Nowadays, KUSM is dedicated to the practical exploitation of scientific research to expedite improvements in public health and the eradication of infectious diseases.
Our host on this full-day visit to Kitasato University is professor Satoru Nebuya. He works on wearable electrical impedance tomography (EIT). The wearable measurement device is used for the diagnosis and tracking of lung diseases.
Additionally his is working on a contact-less EIT, which would be very usefull for brain imaging.
To conclude this informative day, we are cordally invited to join professor Nebuya to celebrate the spring in Japan. At a Hanami Party we will be enjoying the gorgeous Sakura blossom and experience a tiny part of Japan’s exceptional culture.
Tuesday April 1
Molecular Imaging Center – by Kyra de Goede and Elias Labordus
The National Institute of Radiological Sciences (NIRS) is a research institute with high research levels and facilities. It is world leading in the radiological area. Being established in 1957 as Japan’s single radiology institute, it has played an important role in pushing the radiology knowledge further in Japan.
Besides fundamental and clinical research centers, NIRS has a hospital specialized in radiotherapy. Their research focusses on development of diagnostic applications and therapy. In the latter they focus on investigating the effects on human health and natural environment and perfecting protection while exposed to radiation.
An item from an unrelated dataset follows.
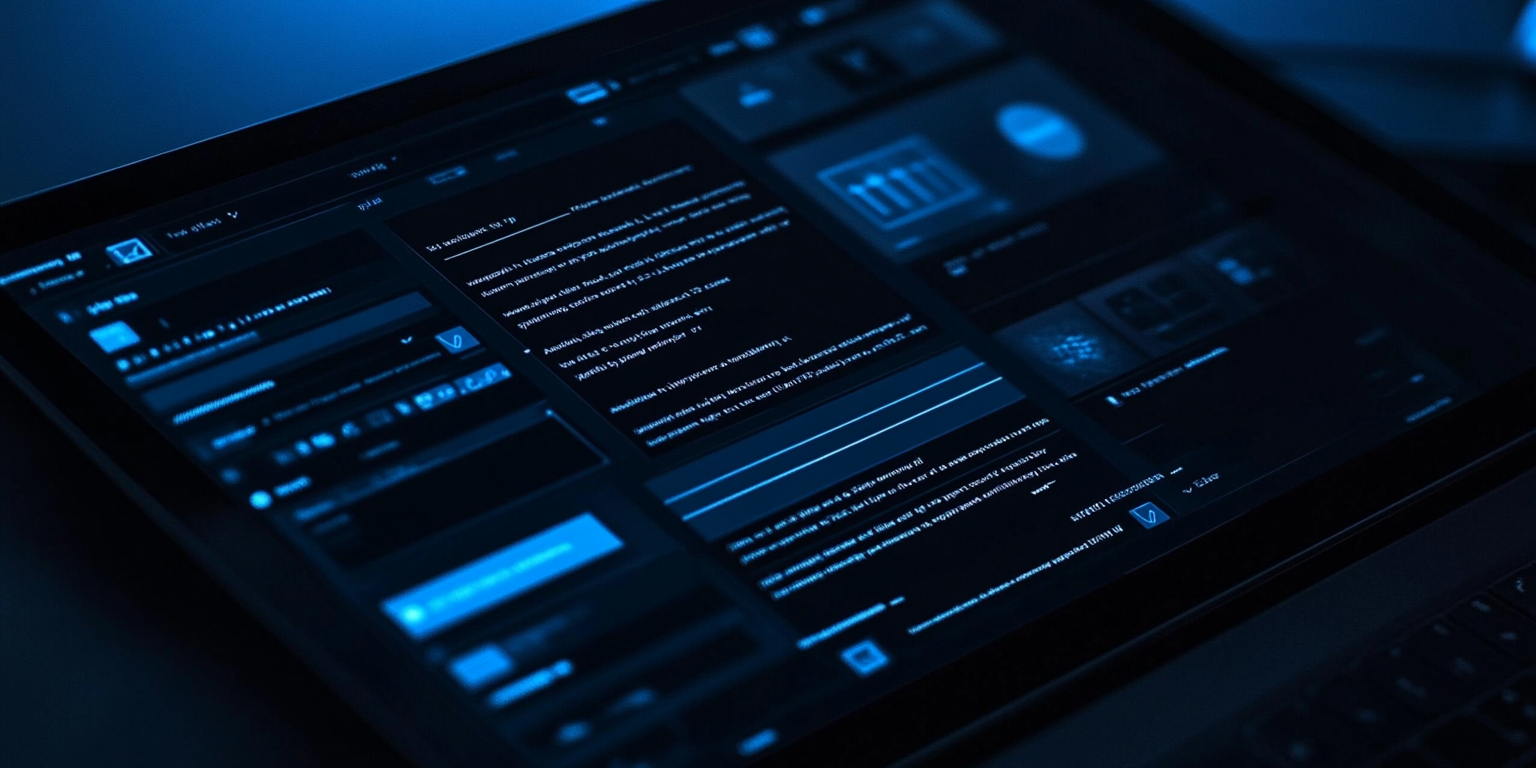 Top Storyblok Alternatives and Competitors in 2025 Top Storyblok Alternatives and Competitors in 2025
They also provide education and training programs to trainees and professionals.
Next to researching, they respond to various types of disasters were radioactive contaminations are present. For example, they take initiative and support Fukushima since the nuclear accident in 2011. One of the many departments of the National Institute for Radiological Sciences is the Molecular Imaging Center, which we will be visiting. Here, extensive research concerning molecular imaging is performed to improve diagnosis and treatment in the fields of oncology and psychiatry.
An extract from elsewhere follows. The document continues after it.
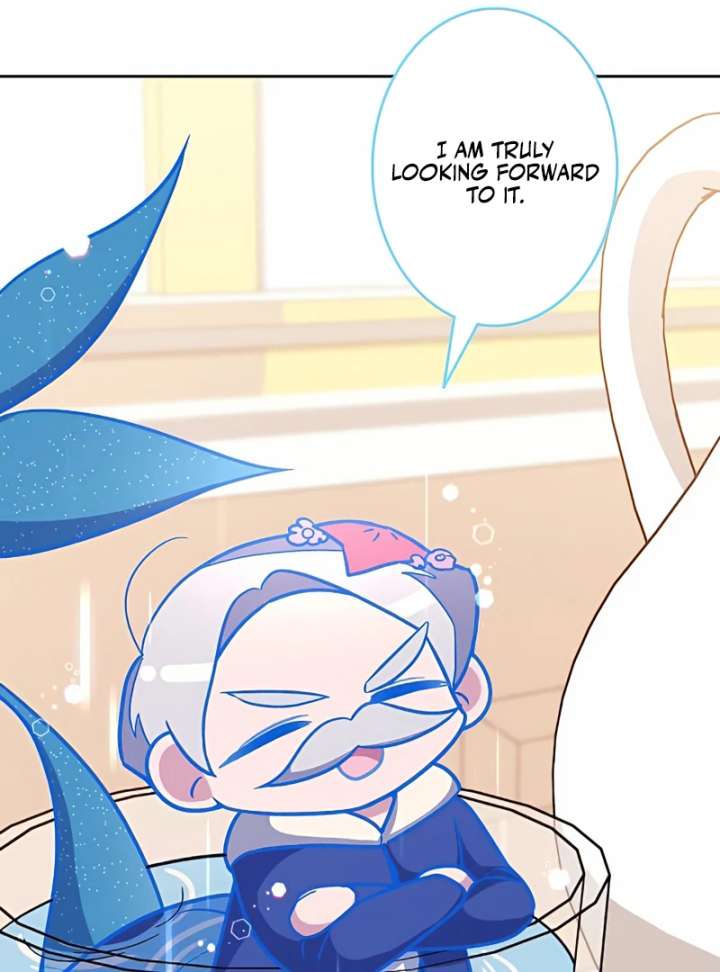 I Wish My Husband Were Dead Chapter 14 436 013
The Molecular Imaging Center of the NIRS has a high worldwide rating in this field and consists of many facilities. It can therefore be further divided into units or programs, e.g. the Molecular Probe Program, Diagnostics Program or Molecular Neuroimaging Program. In the Molecular Probe Program, researchers are developing new probes for clinical research with PET systems, in order to image biological function. Also, new techniques of producing and labelling radionuclides are developed and tested, enhancing standardization of probe production.
Dutch Embassy – Cultural Introduction
Wednesday April 2
RIKEN Institute – by Jordi Penedo and Sanne van Velzen
RIKEN is Japans largest research organization for Natural Sciences, and therefore it is not surprising that we, ‘Medical’ Natural Scientists, are visiting them. RIKEN conducts research in many different fields in the natural sciences, ranging from neuroscience to quantum physics, from developmental biology to computer science. It encompasses a network of world-class research centers across Japan, with its headquarters in Wako, where most of its facilities are located.
We are visiting the RIKENs division for Genomic Technologies and Structural Biology, accompanied by its director, Piero Carninci. We expect this meeting to take place at the center of Life Science Technologies in Kobe, which is 3hrs by train from Tokyo. Becoming a world-leader in research can’t be achieved without developing and implementing state-of-the-art technology. We present to you a shortlist of its high-performance equipment and most interesting facilities: The K computer (Japans most powerful supercomputer), the radioactive isotope beam factory (the world’s most powerful ion beam facility, certainly not a boring facility for us), SPring-8 (the world’s most effective synchrotron radiation facility) and the RIKEN BioResource Center (which supplies most of the bioresources essential to life science research). Taken all in to account, RIKEN offers one of the richest and most advanced environments in the world for scientific research and will be an excellent place to visit.
Thursday April 3
Tokyo University – by Maureen van Eijnatten and Monique Nieman
The Tokyo University (東京大学 Tōkyō daigaku) was founded in 1877. Today, it is considered to be Japan’s most prestigious university. In fact, in 2013 it was ranked the highest in Asia and 21st in the world. Their research can be found in top international journals around the world, and has even been awarded multiple Nobel prizes. The university has 10 faculties and a total of 30,000 students, of which 2,100 are foreign students. The symbol of the university is the ginko leaf, from the trees found throughout the area.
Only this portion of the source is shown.